Wise heads in our business regularly tell us to up our game in order to fight off competition. One of the objectives of the FCA appears to be to increase competition between advice firms.
Out here in the sticks, competition for clients has reduced substantially. In reality, we have never had stiff competition from other independent advisers; our competition has generally been from the banks, St James’s Place and a couple of stockbrokers. The banks appear to have given up trying to give financial advice altogether and the stockbrokers seem to be spending most of their time bringing their paperwork up to scratch for their existing clients. That leaves St James’s Place as the only serious competitor for our clients (and I don’t think that I would describe their version of advice as the same as ours).

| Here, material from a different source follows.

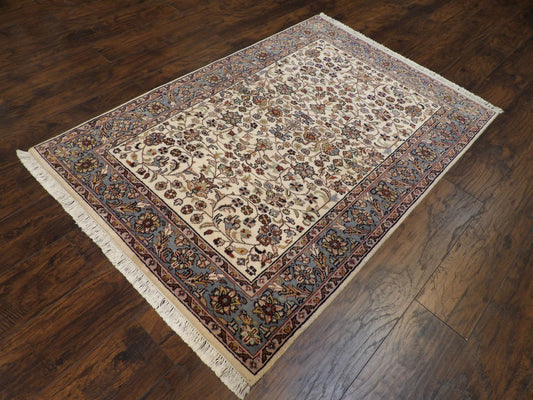 Fine Persian Kashan 4'0"x6'0" Hand-knotted Rug -w11186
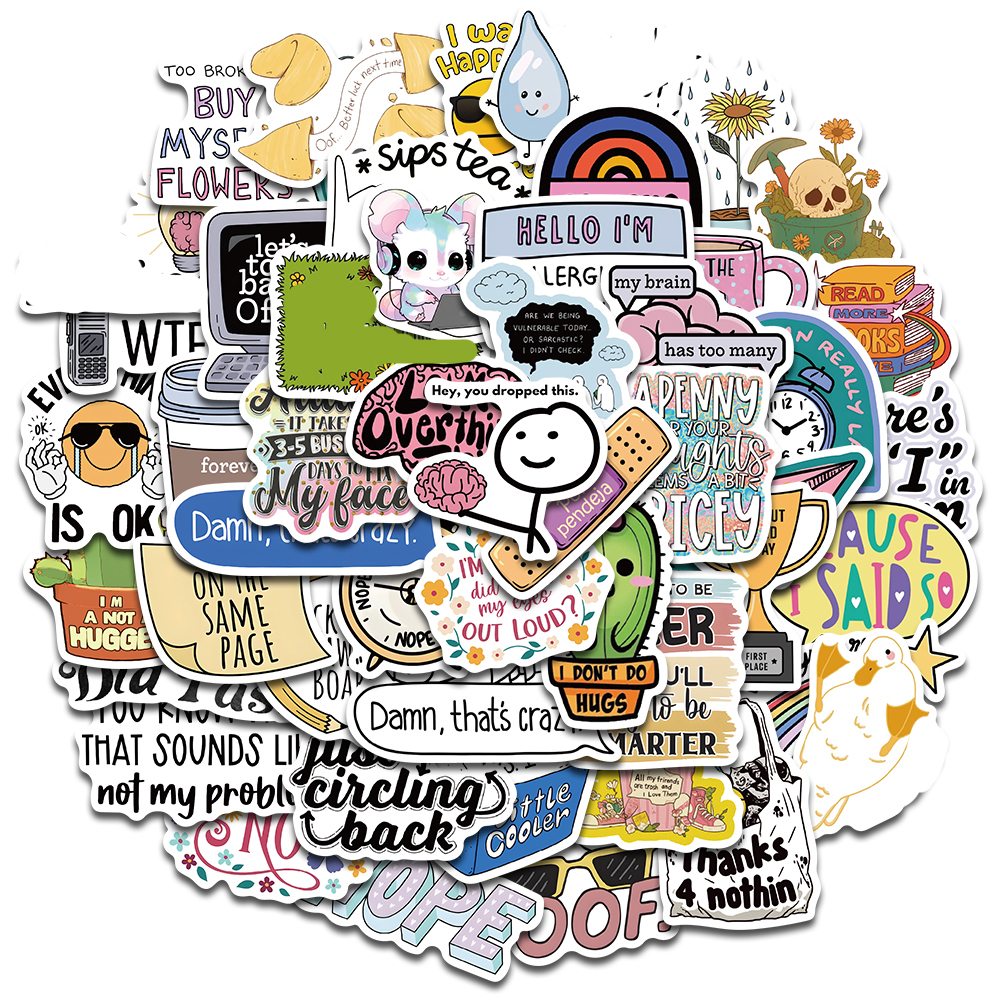 50PCS Sarcastic Sticker Aesthetic Kawaii Scrapbook Graffiti Decoration Laptop Luggage Phone Skateboard  Waterproof DIY Sticker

Or does it? Our main competition is actually “not getting advice”. Clients who don’t like us don’t generally go off to another adviser, they tend to do nothing or do something without taking advice (sometimes with a helping hand from Hargreaves Lansdowne or some other website).
Rather than gearing ourselves up to compete against other providers of financial planning and advice, as the FCA insists that we do, and the consultants urge us to, we should spend resources fighting the real competition – “not getting advice”. And we should be worried about this competition – “not getting advice” has plenty of resources (and we are paying for some of it – the Guidance Guarantee and the Money Advice), its PR department is excellent (it regularly gets the press to have a pop at the advisers who compete with it), and its costs are much lower.
Remember Blockbuster Video? As the leader in the video rental market, they’d worked out how to beat their competition. But they didn’t see that “not hiring a video” was the real competition.